We visited the Smurf store, Manneken Pis, a chocolate museum, beautiful street art based off of the many different comics that began in Belgium, a drag show, and several waffle stands. All in all, the architecture and the weather were both beautiful though visiting made me so grateful that I chose to live in Amsterdam. Brussels is a wonderful city to visit, but I don’t think I could ever live there for an extended period of time.
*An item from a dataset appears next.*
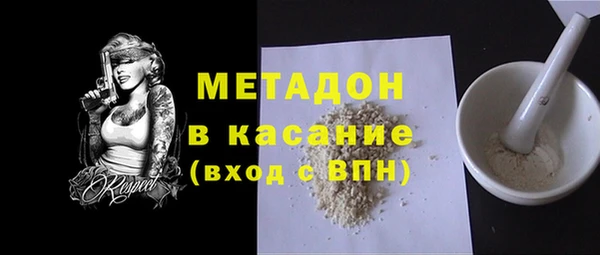 гидропоника Армянск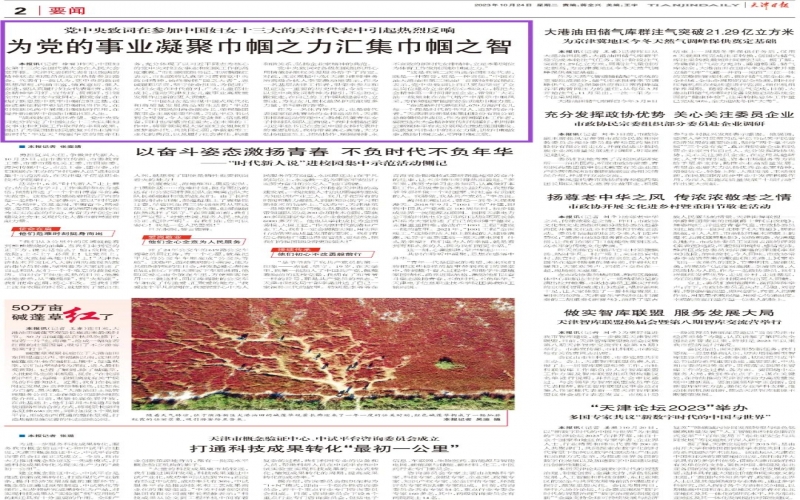 党中央致词在参与中国妇女十三大的天津代表中引起热烈反映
This past Sunday, Jordan and I took a trip to the Rijksmuseum; a huge, gorgeous museum in the heart of Amsterdam that holds hundreds of art pieces from Rembrandt to modern artists. We didn’t make it through the entire museum, due to sheer size, though we thought we had. (This museum is so big that we didn’t even realize we missed an entire side of the building, because it felt like we had to have seen everything!) The Rijksmuseum is on Museumplein, a square in the city that also hosts the Van Gogh Museum, the Stedelijk Museum (modern art museum), and the famed I Amsterdam sculpture.

These are a couple of my favorite pieces that we saw, and unfortunately I completely forgot to save their titles and the names of the artists responsible. The girl in the photo is Jordan, for those curious. The ceiling is just one photo of the beautiful architecture inside and out of the Rijksmuseum. After visiting the museum we got lost, getting on the wrong tram and not realizing it for twenty minutes. That was really fun…. Not!


Visiting IHLIA

As some of you know, I’m in Amsterdam for a study abroad program focused on International Perspectives on Sexuality and Gender. I’ll have the opportunity to visit many organizations and museums that have dedicated their spaces and their work to things like LGBT history, women’s health, and/or sexual education. I’m incredibly excited to be able to learn about these topics in a place that has the reputation of being one of the most liberal cities in the world. While it is a harsh reality that Amsterdam is actually no further ahead in human rights than the United States is, it’s wonderful to tour and learn from a city that has resources I would never find in Toledo, OH or even in Ithaca, NY.

Today, our group met with researchers at IHLIA, an archive for LGBT heritage that has set up shop on the sixth floor of Amsterdam’s public library. The IHLIA archivists showed us their databases and resources that we’ll be able to use later in the semester for our research projects.

IHLIA has regularly hosted exhibits based around specific LGBT issues, and the current exhibit is called Living By Numbers. It’s an homage to the new HIV/AIDS monument that was built on the river in Amsterdam (pictured below). The exhibit shows the history of HIV/AIDS through peoples’ personal stories and a collection of news clippings and advertisements from the past ~40 years. The monument itself is an abacus, something that has been in HIV/AIDS imagery for quite a while and that symbolizes how a diagnosis resulted in, and unfortunately still results in, living by numbers: how many times you have to go to the doctors, how many doses of medicine you need to take, how many days you’ve stayed alive.

Day Seven: More Biking

At last, after a week in the Netherlands and a couple days in Amsterdam, we have finally earned our bikes. Since I’m short, the bike shop, Recycle, gave me a children’s bike which is slightly embarrassing, but at least I get a colorful bike instead of a boring gray one. My bike is blue, orange, and yellow, and she’s got a cute little bell on her. I’m excited to explore Amsterdam on a bike and be able to get around in ten minutes instead of half an hour. This city is run by bikers; we (I can say “we” now) have our own paths marked on the streets, our own signs, and if a car hits us it’s always their fault.

I was pretty worried about keeping up on a bike, being severely out of shape and not ready to exercise to school everyday, but my friend and I successfully biked home today! After I got back, I did the conversions to find out how long we biked for and come to find out… the route from school back home is six miles. To go to school and then come back is twelve miles in total, not to mention going on trips to the local museums or to grab a bite to eat during lunch. I’m even more worried about being able to keep up now, though I think that after a couple months I’m not going to want to give my bike up!